● MATERIAL SUPPLIED
________________________

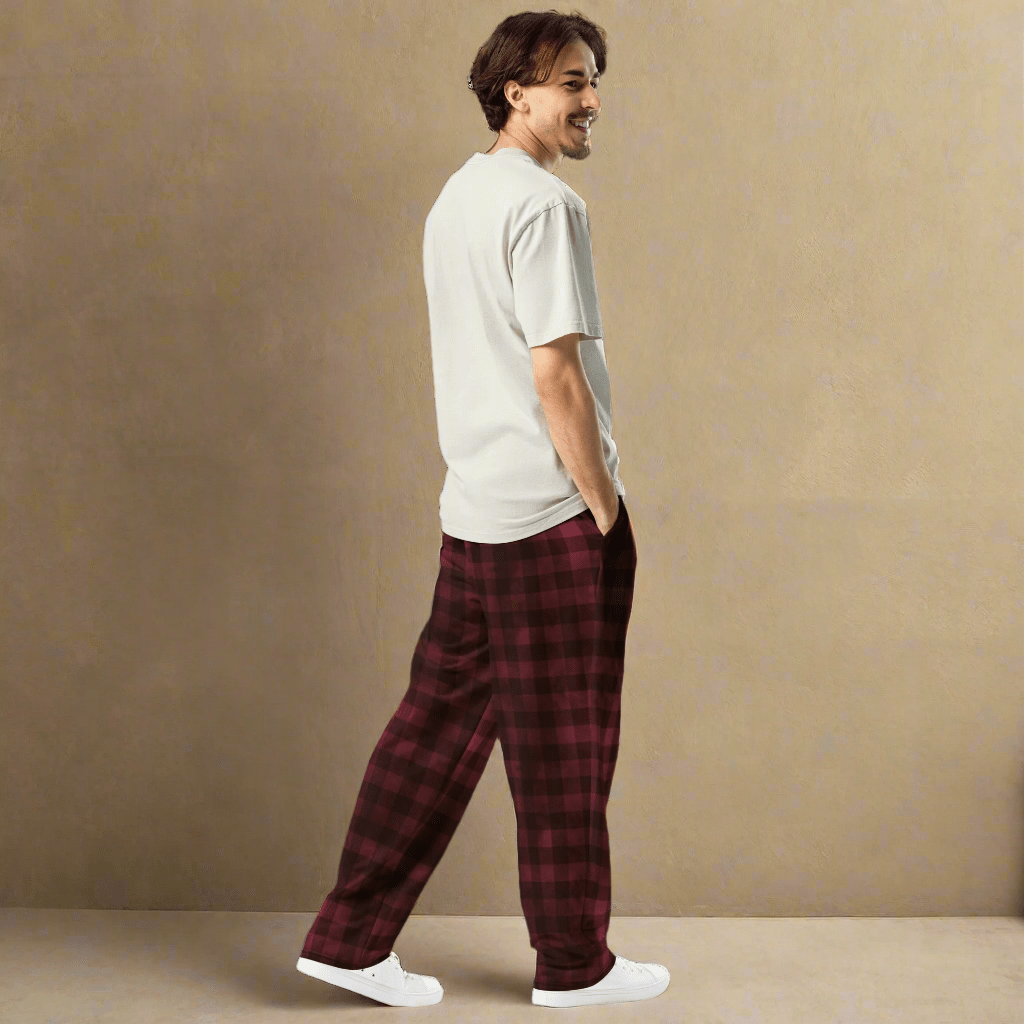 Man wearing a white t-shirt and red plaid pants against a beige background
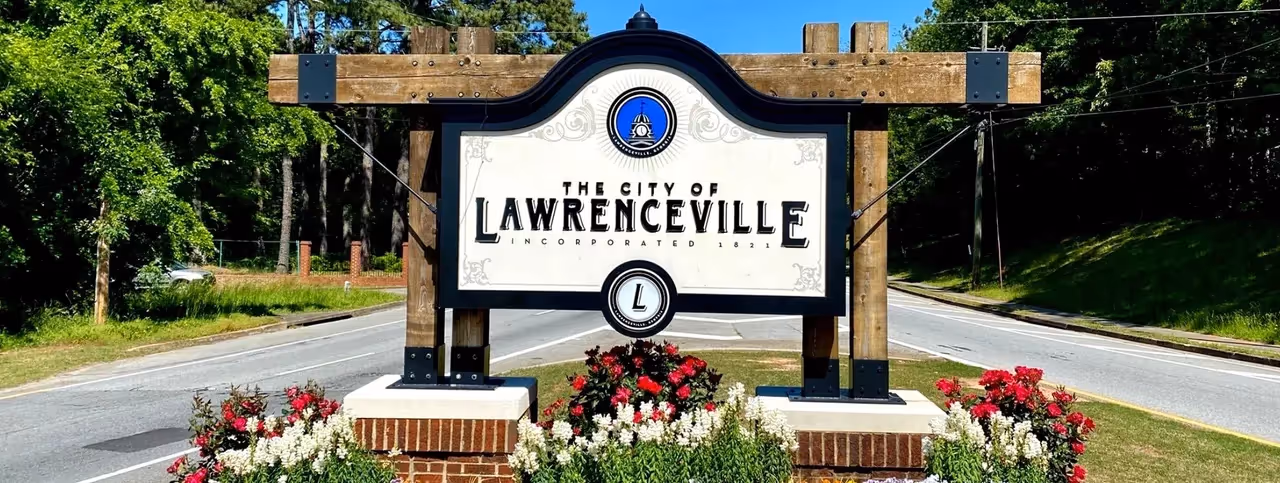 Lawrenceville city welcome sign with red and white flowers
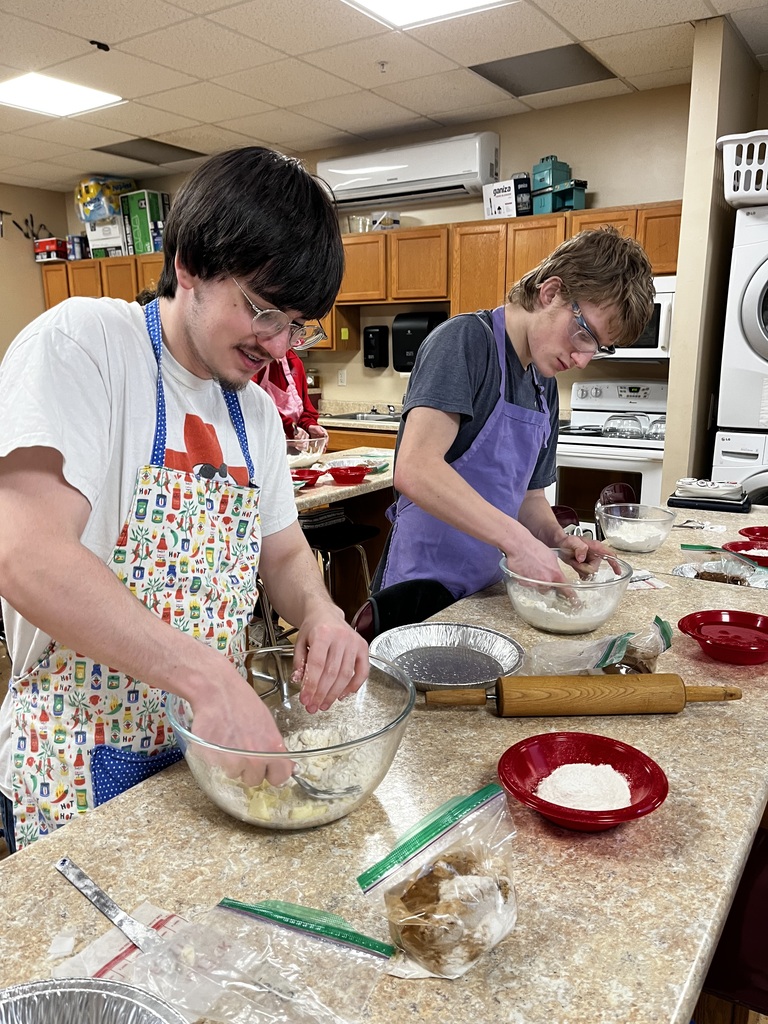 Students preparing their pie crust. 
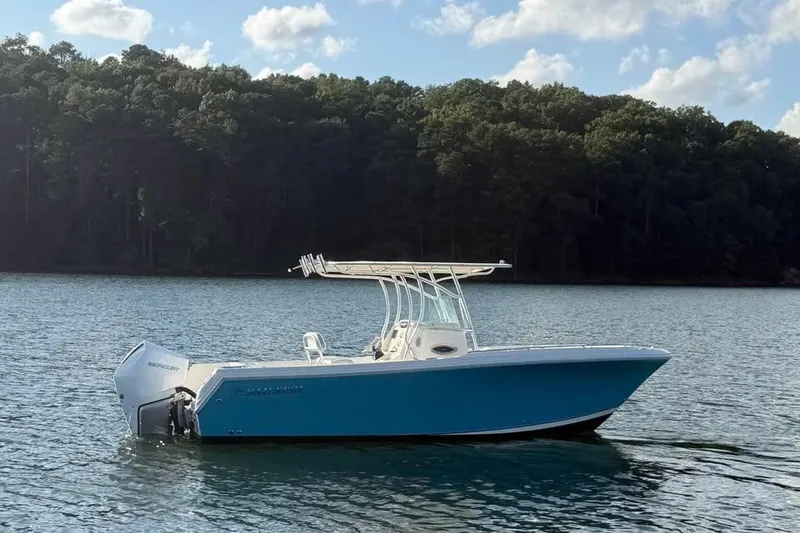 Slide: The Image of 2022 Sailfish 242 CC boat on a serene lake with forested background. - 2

________________________

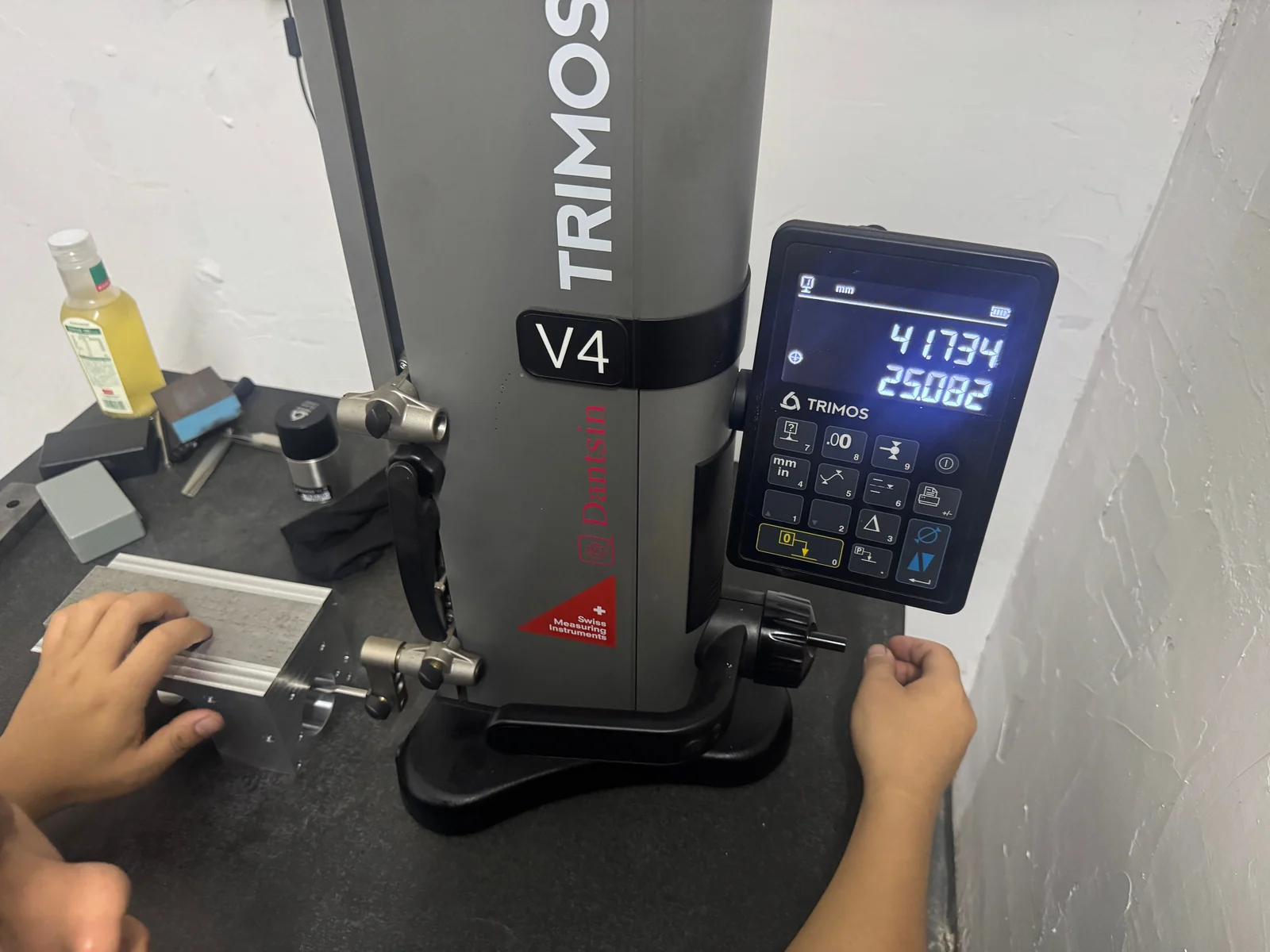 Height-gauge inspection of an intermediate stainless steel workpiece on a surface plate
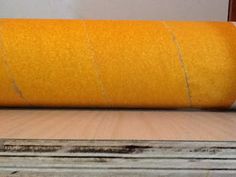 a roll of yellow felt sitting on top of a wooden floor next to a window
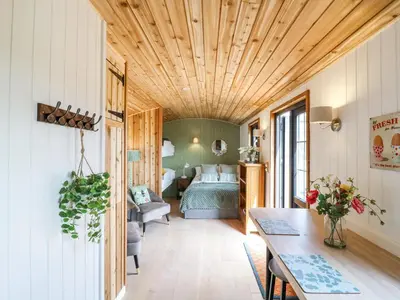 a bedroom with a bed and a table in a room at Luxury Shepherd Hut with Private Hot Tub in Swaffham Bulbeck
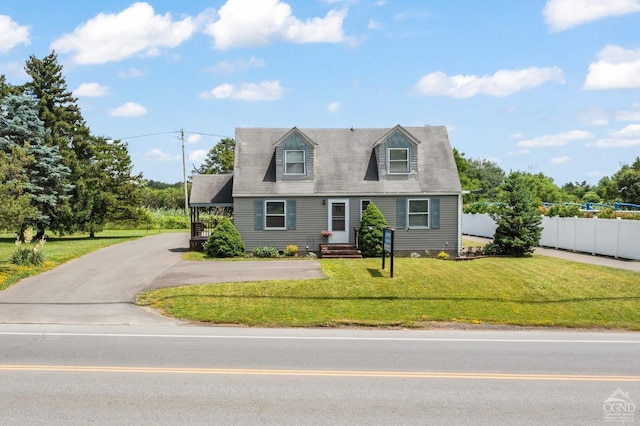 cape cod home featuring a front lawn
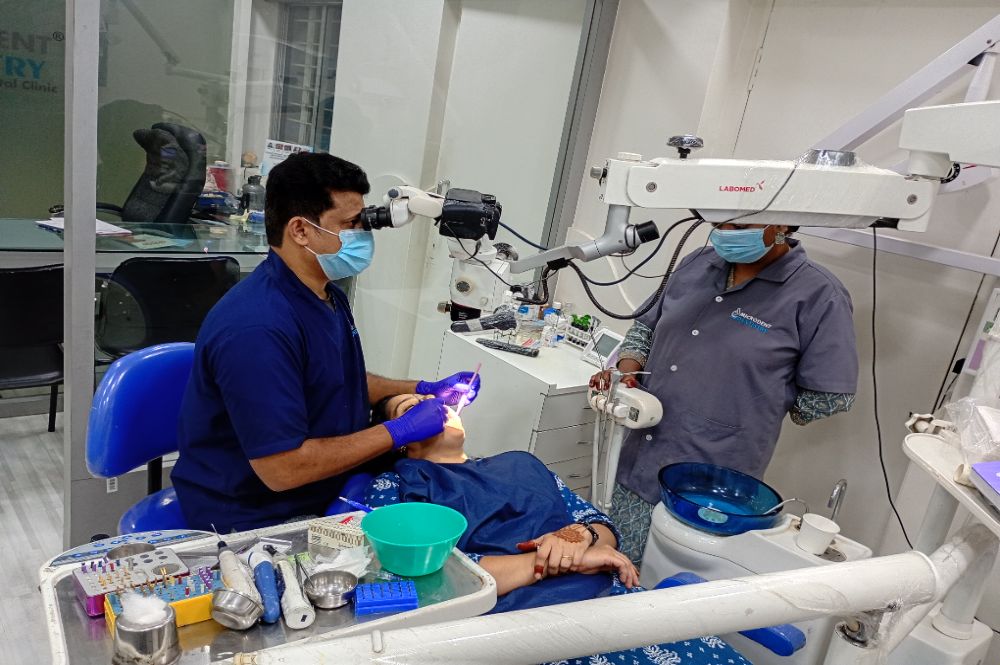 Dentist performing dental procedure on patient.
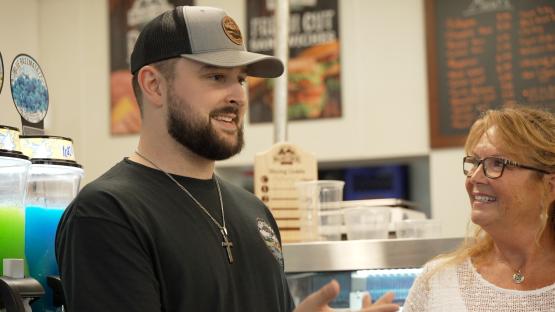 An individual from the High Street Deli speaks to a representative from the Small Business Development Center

________________________

● HOW TO COMPLETE THIS TASK
From the material above, output only the span of lines that starts at the one containing "a roll of yellow" and finishes at the one containing "Dentist performing dental", word for word and free of pictures.

● ANSWER TO THIS EXERCISE
 a roll of yellow felt sitting on top of a wooden floor next to a window
 a bedroom with a bed and a table in a room at Luxury Shepherd Hut with Private Hot Tub in Swaffham Bulbeck
 cape cod home featuring a front lawn
 Dentist performing dental procedure on patient.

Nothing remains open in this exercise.